The three knights knelt before the altar, Galahad nearer to it than the others, and they were there for a long time. Then the old man rose and came to the chest where the Grail was and took it out and held it up before them, and the light that shone from the blood that was in it, through the crystal of the cup, was greater and stronger than ever. The whole cathedral was bright with it. It streamed up among the arches of the roof and lighted old pictures that were painted there. For years before they had scarcely been seen, they were so dim with time and with dust and with the smoke of incense. Now, with the light of the Holy Grail upon it, the place was again a piece of Heaven, filled with wonderful forms. There was Elijah, in his chariot of fire; there were saints and angels; and all about them and among them there were little stars of gold, that glowed and twinkled in the new brightness like the stars of the real Heaven.
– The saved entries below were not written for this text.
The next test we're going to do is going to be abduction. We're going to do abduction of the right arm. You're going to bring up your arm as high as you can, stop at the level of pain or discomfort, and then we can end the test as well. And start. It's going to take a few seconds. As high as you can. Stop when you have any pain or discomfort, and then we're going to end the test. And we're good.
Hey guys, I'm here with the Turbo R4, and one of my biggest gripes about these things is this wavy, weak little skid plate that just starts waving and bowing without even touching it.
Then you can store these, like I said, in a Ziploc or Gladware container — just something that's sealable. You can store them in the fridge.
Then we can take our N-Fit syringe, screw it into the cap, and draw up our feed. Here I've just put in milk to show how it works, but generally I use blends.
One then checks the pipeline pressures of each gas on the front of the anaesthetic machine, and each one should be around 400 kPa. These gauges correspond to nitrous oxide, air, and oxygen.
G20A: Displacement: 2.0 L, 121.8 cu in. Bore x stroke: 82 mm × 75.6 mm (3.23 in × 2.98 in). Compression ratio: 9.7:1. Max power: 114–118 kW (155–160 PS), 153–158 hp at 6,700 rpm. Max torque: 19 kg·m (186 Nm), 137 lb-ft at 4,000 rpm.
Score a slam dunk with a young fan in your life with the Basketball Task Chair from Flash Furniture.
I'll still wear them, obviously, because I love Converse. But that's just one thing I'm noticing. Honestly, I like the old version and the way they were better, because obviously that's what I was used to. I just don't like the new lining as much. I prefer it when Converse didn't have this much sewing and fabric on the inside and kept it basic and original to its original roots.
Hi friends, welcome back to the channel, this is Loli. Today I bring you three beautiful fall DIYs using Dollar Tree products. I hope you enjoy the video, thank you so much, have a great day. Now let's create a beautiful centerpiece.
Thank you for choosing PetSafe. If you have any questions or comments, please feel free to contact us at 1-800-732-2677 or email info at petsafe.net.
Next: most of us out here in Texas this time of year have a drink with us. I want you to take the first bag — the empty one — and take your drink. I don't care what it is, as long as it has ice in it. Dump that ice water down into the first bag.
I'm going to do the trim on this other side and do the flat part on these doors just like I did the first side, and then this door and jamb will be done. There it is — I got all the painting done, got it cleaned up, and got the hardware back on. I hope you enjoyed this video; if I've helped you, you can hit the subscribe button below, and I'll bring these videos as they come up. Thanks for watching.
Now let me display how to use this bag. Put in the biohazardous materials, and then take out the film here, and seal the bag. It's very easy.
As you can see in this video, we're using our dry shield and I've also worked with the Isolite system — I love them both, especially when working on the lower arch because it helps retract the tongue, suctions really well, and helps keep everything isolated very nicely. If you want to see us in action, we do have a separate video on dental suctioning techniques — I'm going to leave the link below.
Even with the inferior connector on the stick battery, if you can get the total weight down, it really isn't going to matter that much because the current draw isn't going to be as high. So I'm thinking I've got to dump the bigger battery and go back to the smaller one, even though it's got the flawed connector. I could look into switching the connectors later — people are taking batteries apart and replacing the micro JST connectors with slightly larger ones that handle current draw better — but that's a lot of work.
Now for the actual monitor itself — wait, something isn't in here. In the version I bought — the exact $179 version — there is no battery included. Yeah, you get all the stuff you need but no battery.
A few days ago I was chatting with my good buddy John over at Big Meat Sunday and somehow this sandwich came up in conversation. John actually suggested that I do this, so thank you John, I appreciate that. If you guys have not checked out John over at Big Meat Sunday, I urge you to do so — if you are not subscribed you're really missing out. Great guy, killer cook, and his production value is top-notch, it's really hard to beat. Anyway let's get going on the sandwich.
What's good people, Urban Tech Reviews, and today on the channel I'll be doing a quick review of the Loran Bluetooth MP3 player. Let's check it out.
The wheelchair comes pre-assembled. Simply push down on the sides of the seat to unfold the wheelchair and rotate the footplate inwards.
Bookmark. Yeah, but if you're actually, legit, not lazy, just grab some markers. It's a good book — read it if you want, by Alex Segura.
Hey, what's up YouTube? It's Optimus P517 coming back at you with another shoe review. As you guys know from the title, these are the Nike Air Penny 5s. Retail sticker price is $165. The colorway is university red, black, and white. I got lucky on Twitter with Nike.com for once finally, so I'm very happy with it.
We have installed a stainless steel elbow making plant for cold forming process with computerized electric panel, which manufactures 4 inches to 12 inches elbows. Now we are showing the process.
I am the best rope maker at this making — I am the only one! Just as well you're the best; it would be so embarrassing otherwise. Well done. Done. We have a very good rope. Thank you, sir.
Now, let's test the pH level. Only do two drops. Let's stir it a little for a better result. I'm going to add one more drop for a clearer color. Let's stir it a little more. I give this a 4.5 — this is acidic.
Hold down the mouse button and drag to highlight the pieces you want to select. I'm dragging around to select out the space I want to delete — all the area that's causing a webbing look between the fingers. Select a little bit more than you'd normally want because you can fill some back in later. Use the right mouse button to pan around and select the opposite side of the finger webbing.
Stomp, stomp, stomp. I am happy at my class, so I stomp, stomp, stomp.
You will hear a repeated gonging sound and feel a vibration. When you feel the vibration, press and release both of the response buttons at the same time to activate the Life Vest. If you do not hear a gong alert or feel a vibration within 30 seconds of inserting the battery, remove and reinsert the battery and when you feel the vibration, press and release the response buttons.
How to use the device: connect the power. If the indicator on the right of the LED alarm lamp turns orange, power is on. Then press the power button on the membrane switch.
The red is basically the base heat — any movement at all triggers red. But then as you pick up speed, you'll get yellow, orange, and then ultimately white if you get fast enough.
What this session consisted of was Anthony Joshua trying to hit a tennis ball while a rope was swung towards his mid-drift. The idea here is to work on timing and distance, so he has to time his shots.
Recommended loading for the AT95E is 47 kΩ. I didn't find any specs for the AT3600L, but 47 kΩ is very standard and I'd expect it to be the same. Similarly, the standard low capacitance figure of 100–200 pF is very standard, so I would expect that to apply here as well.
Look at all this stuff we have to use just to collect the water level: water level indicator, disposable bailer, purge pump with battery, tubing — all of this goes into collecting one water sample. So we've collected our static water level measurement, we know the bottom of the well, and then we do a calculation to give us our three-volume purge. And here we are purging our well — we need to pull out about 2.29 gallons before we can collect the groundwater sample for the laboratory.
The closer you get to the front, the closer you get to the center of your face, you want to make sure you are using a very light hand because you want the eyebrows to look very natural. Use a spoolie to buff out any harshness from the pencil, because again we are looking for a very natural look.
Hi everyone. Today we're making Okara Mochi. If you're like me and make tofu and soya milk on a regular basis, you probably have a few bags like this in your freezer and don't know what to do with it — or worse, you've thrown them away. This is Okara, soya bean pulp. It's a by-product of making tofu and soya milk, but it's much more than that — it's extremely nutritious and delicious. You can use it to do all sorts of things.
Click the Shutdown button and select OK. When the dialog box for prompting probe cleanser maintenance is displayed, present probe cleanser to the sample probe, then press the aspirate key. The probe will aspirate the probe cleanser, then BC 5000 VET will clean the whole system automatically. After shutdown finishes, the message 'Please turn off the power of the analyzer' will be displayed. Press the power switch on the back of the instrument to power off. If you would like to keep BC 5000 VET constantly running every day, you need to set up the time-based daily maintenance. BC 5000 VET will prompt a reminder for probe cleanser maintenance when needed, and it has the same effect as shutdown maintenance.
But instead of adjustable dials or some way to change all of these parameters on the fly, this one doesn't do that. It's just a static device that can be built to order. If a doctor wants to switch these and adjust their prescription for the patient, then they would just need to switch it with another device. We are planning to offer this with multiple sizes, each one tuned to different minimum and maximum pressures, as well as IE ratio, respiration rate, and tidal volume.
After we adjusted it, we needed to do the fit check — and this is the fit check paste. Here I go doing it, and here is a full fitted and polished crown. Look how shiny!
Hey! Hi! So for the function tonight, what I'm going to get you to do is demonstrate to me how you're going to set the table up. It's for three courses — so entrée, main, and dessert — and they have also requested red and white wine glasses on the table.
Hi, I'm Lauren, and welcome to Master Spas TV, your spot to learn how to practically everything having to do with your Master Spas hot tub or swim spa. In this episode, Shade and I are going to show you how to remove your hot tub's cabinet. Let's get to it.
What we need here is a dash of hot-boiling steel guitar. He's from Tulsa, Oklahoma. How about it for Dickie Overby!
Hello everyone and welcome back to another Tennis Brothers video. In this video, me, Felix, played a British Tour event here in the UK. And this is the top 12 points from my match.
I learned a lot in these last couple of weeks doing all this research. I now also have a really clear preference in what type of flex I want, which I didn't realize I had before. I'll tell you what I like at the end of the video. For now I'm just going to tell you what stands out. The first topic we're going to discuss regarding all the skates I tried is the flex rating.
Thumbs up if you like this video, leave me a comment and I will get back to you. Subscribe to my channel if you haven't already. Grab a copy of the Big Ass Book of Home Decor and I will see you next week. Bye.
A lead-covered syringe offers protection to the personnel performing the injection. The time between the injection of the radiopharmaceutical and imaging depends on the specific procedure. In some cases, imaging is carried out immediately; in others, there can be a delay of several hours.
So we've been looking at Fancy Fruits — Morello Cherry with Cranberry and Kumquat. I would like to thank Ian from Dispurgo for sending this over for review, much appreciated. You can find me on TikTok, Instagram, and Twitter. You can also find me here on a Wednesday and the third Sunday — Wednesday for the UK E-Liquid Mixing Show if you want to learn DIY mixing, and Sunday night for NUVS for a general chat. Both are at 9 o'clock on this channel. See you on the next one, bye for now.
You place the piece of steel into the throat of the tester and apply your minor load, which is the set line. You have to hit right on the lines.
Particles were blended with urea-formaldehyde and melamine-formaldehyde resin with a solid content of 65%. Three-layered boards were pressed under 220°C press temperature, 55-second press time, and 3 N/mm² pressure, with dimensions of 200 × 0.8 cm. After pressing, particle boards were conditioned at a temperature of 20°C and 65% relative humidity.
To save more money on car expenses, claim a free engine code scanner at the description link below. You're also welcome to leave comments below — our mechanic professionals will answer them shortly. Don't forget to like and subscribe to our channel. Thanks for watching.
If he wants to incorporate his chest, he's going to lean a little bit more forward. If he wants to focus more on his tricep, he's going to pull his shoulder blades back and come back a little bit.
The old man set the Grail upon the altar and came to Galahad and touched his hand and kissed him. Then all at once the church grew dark and Percivale and Bors could see nothing but the Grail and the spear upon the altar and the old man who stood before it. He took the Grail and the spear and then he seemed to rise and to go farther from them, though they could not see how he went. It seemed to them, too, that Galahad was with him, and they did not see that the form of Galahad still lay before them on the steps of the altar.
In this way they watched for a long time and then Percivale said to Bors: "Do you not see, far off there in the sky, as it seems, Galahad himself, with his crown and his royal robes, holding the Holy Grail in his hands?"